I jumped into a family real estate business from manufacturing consulting. I looked at processes and ask questions, drew charts, asked more questions. Why do you do this? Why do you fill this form out? Why? Why? Why? I was an adult 2 year old.
I did the same thing with real estate. I drove my first broker crazy. I wanted to break the rules, because at the time they seemed stupid to me. As an example, I take a listing and with a pen fill out a form that has all the information about the property. Then I take it into the office for the salaried administrator types it into the computer. Why touch it twice? Why? (Once I became a broker I started understanding “liability”) You do not need an agent taking a shortcut to change a list price if both seller and buyer have not signed a paper authorizing it. Example…
I am noticing that teams and mega agents are putting more layers between them and the client or customer. It is causing problems.
Talked with a person today, about a former real estate deal. He said that his agent was not present at the closing, and neither was the buyer’s agent. Both sent a proxy. Substitutes are fine but it does not relieve responsibility. The title company left off the home warranty payment on the closing statement. The money was not collected at closing. The warranty company was not notified. The parties were looking at the seller to pay. The closing was months ago. He did sign an agreement that he would pay the money, but he did not catch it and neither did the title company, or substitute agents. They are left with a few problems and shared liability. It still leaves the problem of who pays for the HVAC repair or replacement that just happened?
I spoke with another gentleman who had his home listed for quite some time and he said that the listing agent never bothered to call him after his listing expired. He did not know why it did not sell. He wanted feedback. Perhaps he lied to me, but his perception was that the listing agent did not follow up and give him news.

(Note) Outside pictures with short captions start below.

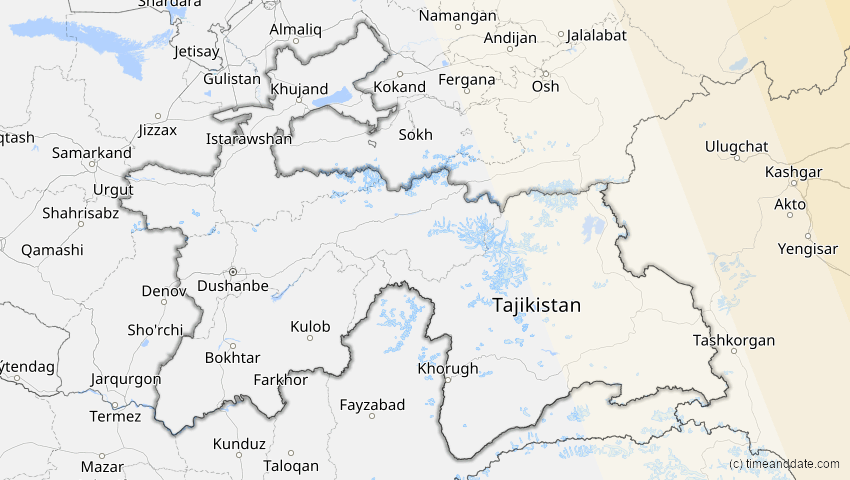 A map of Tadschikistan, showing the path of the 24. Aug 2063 Totale Sonnenfinsternis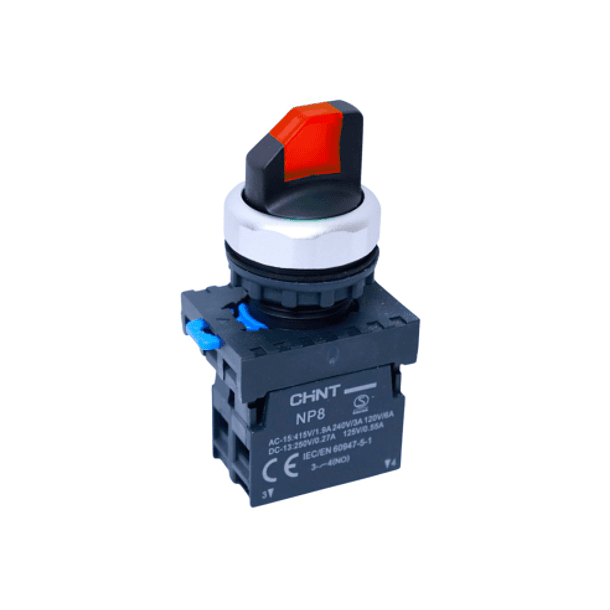 SELECTOR LUMINOSO LED 22mm ROJO 3 POSICIONES 2NA CHINT 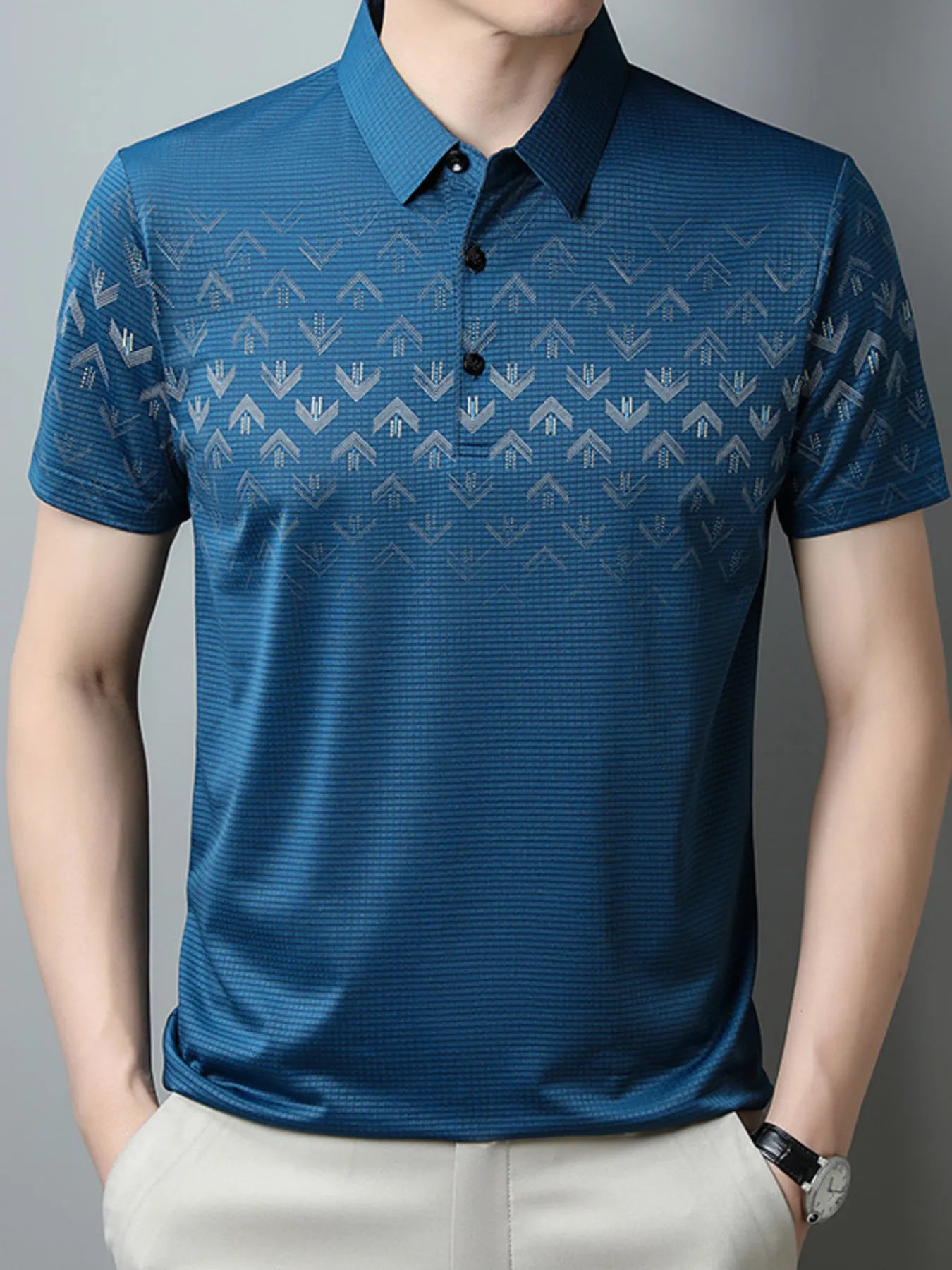 Men's Plus Size Gradient Pattern Business Casual Polo Shirt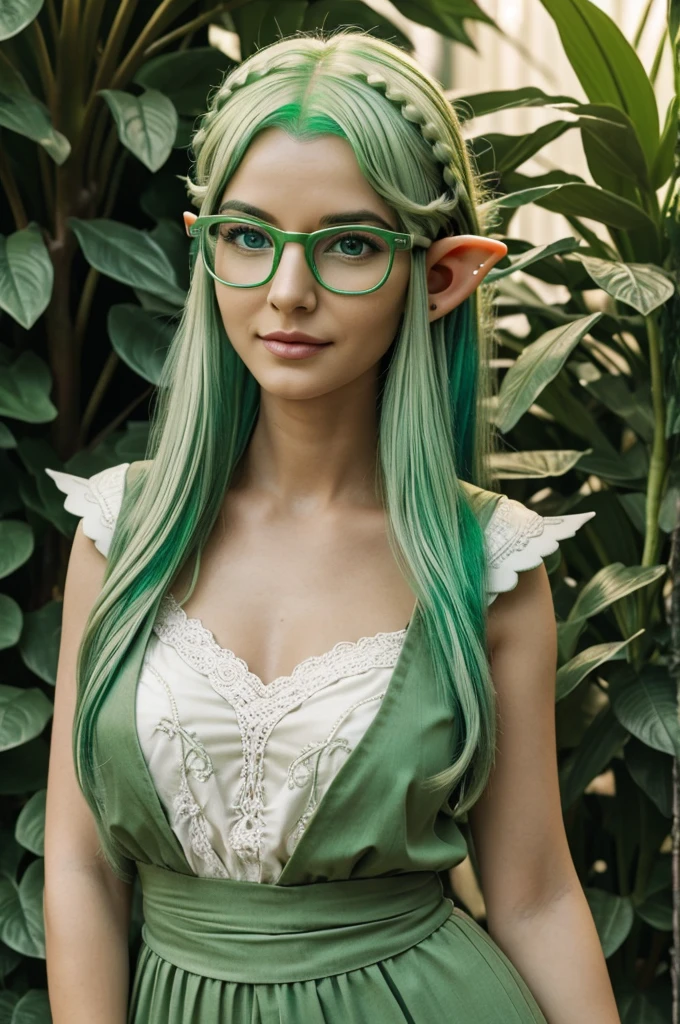 ((elf, Women, light green hair, glasses, plants in the background))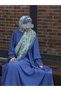 Adriana Crepe Sleeve Detailed Indigo Hijab Dress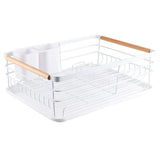 2-Tier Modern White Kitchen Triangular Organizer Metal Kitchen Storage Baskets Living and Home 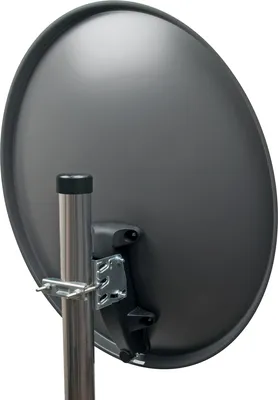 The back of a satellite dish mounted on a pole.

These are things that I am guilty of right now in the feedback lacking department and not providing enough hands on direct work with clients. It is not easy to manage the balance of being personal and providing the amazing level of details for many clients over time. That is an agent or broker’s challenge. How do you foster personal relationship and trust? If you want more income and more free time, you try to put processes and people in place that are trustworthy.
I do know that sellers and buyers want to work with their Realtor. They do not want to feel slighted by working with a substitute and sure do not want to experience a drop in service. That is not good for word of mouth referrals. Realtors beware of over engineering real estate business.